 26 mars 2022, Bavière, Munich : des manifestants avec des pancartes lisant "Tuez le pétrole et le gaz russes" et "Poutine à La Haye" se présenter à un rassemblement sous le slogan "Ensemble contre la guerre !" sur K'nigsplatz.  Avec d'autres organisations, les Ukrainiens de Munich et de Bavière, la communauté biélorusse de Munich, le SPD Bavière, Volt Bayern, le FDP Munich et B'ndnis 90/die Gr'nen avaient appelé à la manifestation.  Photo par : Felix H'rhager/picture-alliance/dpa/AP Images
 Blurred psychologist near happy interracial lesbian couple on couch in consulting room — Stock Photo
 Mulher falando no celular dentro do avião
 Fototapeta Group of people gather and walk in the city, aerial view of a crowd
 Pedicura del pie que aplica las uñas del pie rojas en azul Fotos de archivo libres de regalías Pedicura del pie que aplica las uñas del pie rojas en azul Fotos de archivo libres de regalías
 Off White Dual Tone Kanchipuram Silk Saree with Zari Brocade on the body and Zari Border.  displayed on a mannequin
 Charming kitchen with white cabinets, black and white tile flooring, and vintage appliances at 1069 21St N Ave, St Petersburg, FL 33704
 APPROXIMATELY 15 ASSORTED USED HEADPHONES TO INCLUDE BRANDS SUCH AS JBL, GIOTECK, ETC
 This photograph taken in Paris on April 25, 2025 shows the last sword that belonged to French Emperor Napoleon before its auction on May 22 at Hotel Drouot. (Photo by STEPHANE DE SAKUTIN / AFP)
------------------------------------------------------------------------
### Assignment
Only the lines from the one containing "Blurred psychologist near" through the end of the data above are wanted, both ends included; restate them word for word.

### Reply
 Blurred psychologist near happy interracial lesbian couple on couch in consulting room — Stock Photo
 Mulher falando no celular dentro do avião
 Fototapeta Group of people gather and walk in the city, aerial view of a crowd
 Pedicura del pie que aplica las uñas del pie rojas en azul Fotos de archivo libres de regalías Pedicura del pie que aplica las uñas del pie rojas en azul Fotos de archivo libres de regalías
 Off White Dual Tone Kanchipuram Silk Saree with Zari Brocade on the body and Zari Border.  displayed on a mannequin
 Charming kitchen with white cabinets, black and white tile flooring, and vintage appliances at 1069 21St N Ave, St Petersburg, FL 33704
 APPROXIMATELY 15 ASSORTED USED HEADPHONES TO INCLUDE BRANDS SUCH AS JBL, GIOTECK, ETC
 This photograph taken in Paris on April 25, 2025 shows the last sword that belonged to French Emperor Napoleon before its auction on May 22 at Hotel Drouot. (Photo by STEPHANE DE SAKUTIN / AFP)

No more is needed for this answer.